Helically symmetric solution of 3D Euler equations with vorticity and its free boundary
Lili Du, Feng Ji
TL;DR
This work studies steady incompressible Euler flow with helically symmetric free boundary and nontrivial vorticity, reducing the 3D problem to a 2D cross-section through an orthogonality condition to the symmetry lines and a stream function $\psi$. A variational formulation with the functional $\mathcal J_h(\psi,D)$ yields a semilinear free boundary problem $-\nabla\cdot(K\nabla\psi)=f(\psi)$ in $\{\psi>0\}$ with a Bernoulli-type boundary condition, and the authors prove key regularity results: the local minimizer $\psi$ is Lipschitz and non-degenerate, and the free boundary in a cross-section is $C^{1,\alpha}$, which lifts to a $C^{1,\alpha}$ surface for the 3D free boundary.
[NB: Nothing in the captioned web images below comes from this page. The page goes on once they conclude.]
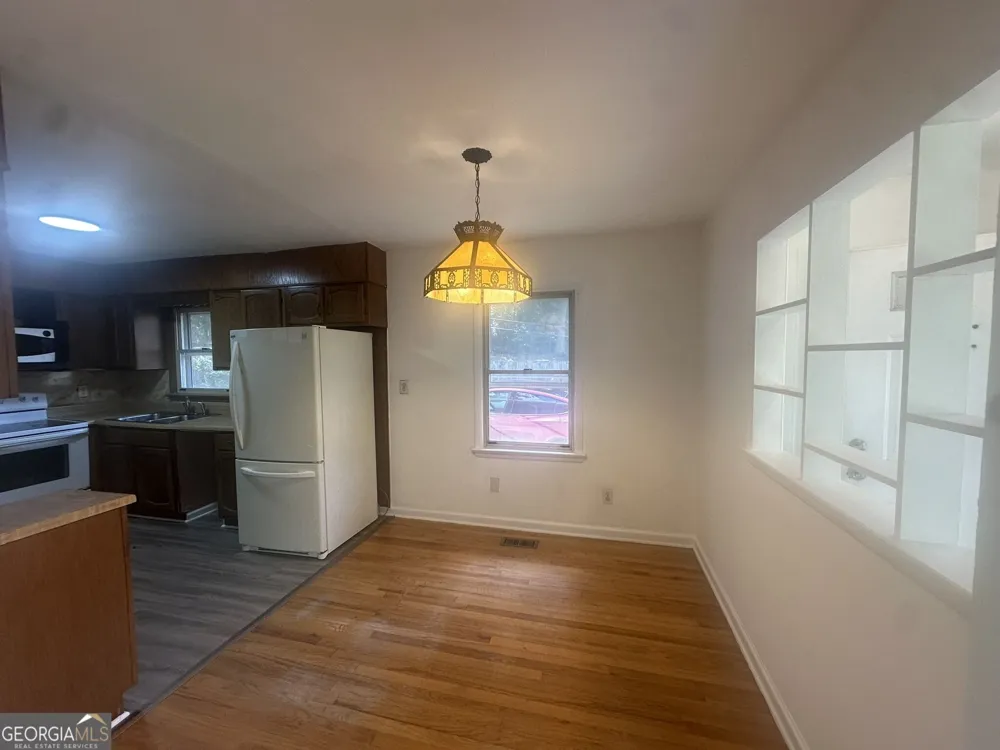 5632 Ash ST Forest Park, GA 30297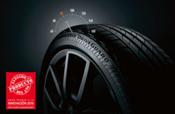 Bridgestone Driveguard elegido Producto del Año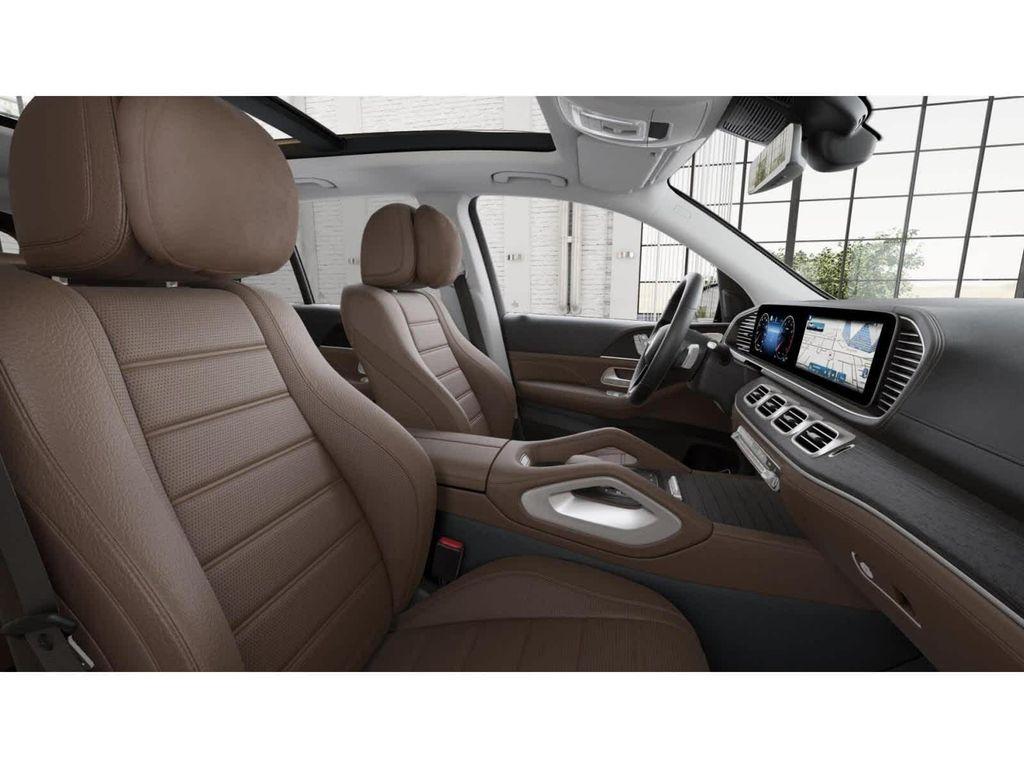 new 2026 Mercedes-Benz GLE 450 car, priced at $88,465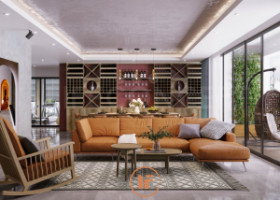 Mẹo bảo quản đồ nội thất bằng da | Lifeconcept & Lifetravel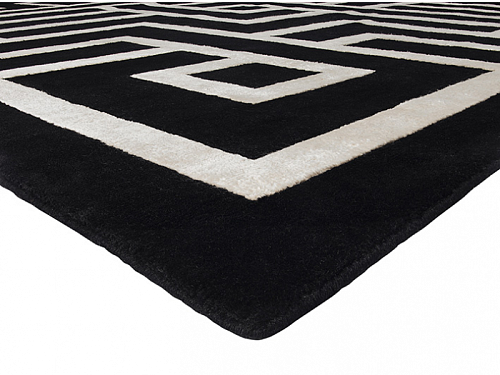 Tapis Labyrinth édition limitée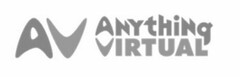 AV ANYTHING VIRTUAL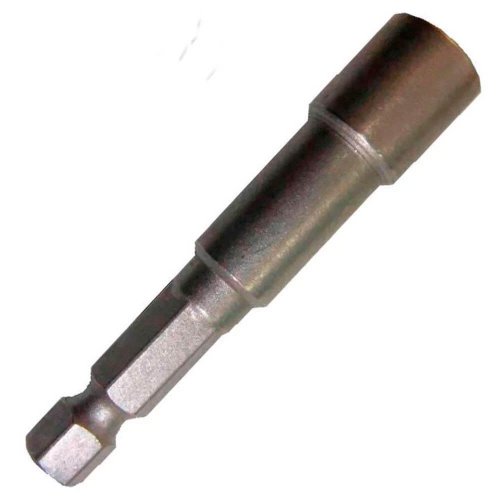 Soquete Magnético 1/4" - B-38794 - Makita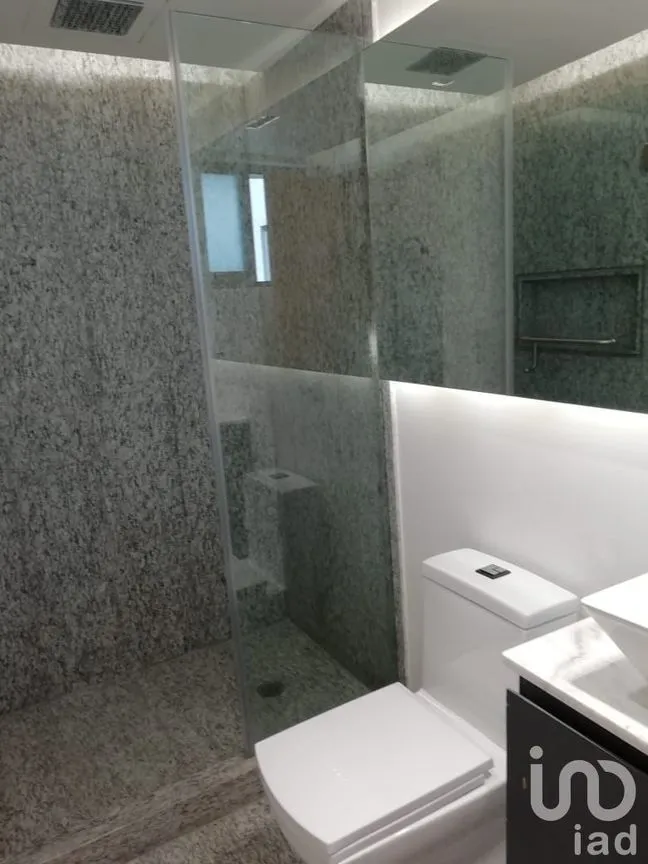 Departamento en Renta en Polanco I Sección, Miguel Hidalgo, Ciudad de México | NEX-228472 | iad México | Foto 6 de 20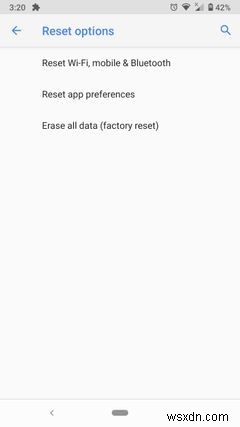 How to Fix the “Unfortunately, Camera Has Stopped” Error on Android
The analysis combines an almost-minimizer reduction via coefficient freezing, a Weiss-type monotonicity formula, blow-up arguments, and De Silva’s flatness-implies-regularity theory. These results establish a rigorous regularity theory for helically symmetric Euler free boundary problems and illustrate a robust variational approach with variable coefficients. The methodology and findings have implications for understanding geometric and stability properties of helically symmetric flows in fluid mechanics.
Abstract
This paper investigates an incompressible steady free boundary problem of Euler equations with helical symmetry in $3$ dimensions and with nontrivial vorticity. The velocity field of the fluid arises from the spiral of its velocity within a cross-section, whose global existence, uniqueness and well-posedness with fixed boundary were established by a series of brilliant works. A perplexing issue, untouched in the literature, concerns the free boundary problem with (partial) unknown domain boundary in this helically symmetric configuration. We address this gap through the analysis of the optimal regularity property of the scalar stream function as a minimizer in a semilinear minimal problem, establishing the $C^{0,1}$-regularity of the minimizer, and the $C^{1,α}$-regularity of its free boundary. More specifically, the regularity results are obtained in arbitrary cross-sections through smooth helical transformation by virtue of variational method and the rule of "flatness implies $C^{1,α}$".